Records for this exercise »
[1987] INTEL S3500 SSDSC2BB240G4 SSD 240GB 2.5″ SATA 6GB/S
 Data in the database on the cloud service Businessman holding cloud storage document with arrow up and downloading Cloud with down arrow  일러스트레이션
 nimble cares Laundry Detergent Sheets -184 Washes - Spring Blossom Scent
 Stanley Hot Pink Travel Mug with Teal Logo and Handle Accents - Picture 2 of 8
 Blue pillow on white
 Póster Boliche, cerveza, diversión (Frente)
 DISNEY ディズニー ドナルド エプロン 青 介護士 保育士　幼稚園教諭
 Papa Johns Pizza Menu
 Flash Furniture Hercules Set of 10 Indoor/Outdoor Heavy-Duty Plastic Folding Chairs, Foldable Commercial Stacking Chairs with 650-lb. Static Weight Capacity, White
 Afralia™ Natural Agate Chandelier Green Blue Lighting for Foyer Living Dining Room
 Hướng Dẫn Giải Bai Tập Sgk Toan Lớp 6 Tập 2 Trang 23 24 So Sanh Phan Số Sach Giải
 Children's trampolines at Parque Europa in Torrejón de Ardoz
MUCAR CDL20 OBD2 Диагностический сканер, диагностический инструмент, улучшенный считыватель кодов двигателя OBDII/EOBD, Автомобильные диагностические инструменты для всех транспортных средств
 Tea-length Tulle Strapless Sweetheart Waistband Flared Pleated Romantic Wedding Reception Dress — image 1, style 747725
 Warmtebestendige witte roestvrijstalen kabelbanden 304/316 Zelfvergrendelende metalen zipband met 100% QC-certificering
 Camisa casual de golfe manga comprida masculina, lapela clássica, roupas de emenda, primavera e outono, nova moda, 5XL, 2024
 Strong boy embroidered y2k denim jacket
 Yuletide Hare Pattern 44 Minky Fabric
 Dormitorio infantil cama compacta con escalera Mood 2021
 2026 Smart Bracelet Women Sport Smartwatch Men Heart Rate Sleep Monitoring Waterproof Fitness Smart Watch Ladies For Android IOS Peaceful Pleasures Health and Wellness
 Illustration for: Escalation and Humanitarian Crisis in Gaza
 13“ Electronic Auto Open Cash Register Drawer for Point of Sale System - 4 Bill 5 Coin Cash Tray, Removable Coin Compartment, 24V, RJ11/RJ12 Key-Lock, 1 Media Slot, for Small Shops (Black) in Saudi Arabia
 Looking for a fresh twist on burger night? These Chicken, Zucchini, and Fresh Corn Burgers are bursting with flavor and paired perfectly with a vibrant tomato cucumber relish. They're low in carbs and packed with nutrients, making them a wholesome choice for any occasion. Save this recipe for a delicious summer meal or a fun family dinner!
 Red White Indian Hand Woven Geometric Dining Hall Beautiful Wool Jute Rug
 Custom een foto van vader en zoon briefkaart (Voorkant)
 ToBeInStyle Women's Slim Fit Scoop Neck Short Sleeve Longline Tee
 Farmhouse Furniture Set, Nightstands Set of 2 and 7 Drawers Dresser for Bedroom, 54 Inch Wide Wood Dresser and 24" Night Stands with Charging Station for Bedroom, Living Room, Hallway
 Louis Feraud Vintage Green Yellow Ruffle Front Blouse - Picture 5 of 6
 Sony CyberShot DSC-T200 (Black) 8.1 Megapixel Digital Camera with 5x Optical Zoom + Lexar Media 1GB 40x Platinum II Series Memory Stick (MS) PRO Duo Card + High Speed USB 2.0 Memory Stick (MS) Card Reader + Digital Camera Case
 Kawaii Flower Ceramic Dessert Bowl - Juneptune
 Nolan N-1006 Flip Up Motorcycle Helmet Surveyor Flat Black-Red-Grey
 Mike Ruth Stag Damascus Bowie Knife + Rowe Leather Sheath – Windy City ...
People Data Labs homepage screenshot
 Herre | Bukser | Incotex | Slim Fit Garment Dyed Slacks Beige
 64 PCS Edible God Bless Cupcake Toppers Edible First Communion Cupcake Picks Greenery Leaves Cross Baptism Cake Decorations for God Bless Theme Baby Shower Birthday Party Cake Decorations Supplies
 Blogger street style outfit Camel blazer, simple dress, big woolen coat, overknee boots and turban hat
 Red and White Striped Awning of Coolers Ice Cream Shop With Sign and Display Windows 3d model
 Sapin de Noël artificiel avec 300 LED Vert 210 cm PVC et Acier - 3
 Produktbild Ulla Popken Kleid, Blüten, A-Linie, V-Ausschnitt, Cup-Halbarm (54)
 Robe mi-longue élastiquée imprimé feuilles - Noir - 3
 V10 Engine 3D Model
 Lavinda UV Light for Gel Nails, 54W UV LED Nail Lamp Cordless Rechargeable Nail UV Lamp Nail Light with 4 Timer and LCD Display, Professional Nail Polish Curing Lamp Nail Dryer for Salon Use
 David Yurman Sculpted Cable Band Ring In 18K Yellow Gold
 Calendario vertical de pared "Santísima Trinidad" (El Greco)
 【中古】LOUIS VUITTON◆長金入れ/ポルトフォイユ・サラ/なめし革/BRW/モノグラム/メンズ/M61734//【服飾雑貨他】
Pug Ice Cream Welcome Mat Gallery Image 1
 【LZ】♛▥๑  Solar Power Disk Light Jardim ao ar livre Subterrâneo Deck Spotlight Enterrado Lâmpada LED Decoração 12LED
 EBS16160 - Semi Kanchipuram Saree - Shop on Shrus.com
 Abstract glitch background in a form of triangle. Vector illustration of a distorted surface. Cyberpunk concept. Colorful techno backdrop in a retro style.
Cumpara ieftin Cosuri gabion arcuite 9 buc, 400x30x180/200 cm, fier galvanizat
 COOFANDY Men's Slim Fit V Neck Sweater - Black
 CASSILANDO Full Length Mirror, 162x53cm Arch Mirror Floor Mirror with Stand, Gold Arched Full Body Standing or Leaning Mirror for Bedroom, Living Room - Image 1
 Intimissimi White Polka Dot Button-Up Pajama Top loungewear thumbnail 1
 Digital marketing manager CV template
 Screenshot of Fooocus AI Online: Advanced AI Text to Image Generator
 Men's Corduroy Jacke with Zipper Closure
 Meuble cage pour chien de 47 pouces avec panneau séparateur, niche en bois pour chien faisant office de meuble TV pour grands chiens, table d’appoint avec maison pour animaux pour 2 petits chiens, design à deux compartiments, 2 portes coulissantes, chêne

Task to complete »
Of the entries above, transcribe exactly those lines that fall between the line containing "Pug Ice Cream Welcome Mat Gallery Image 1" and the line containing "COOFANDY Men's Slim", together with those two lines.

Worked solution »
Pug Ice Cream Welcome Mat Gallery Image 1
 【LZ】♛▥๑  Solar Power Disk Light Jardim ao ar livre Subterrâneo Deck Spotlight Enterrado Lâmpada LED Decoração 12LED
 EBS16160 - Semi Kanchipuram Saree - Shop on Shrus.com
 Abstract glitch background in a form of triangle. Vector illustration of a distorted surface. Cyberpunk concept. Colorful techno backdrop in a retro style.
Cumpara ieftin Cosuri gabion arcuite 9 buc, 400x30x180/200 cm, fier galvanizat
 COOFANDY Men's Slim Fit V Neck Sweater - Black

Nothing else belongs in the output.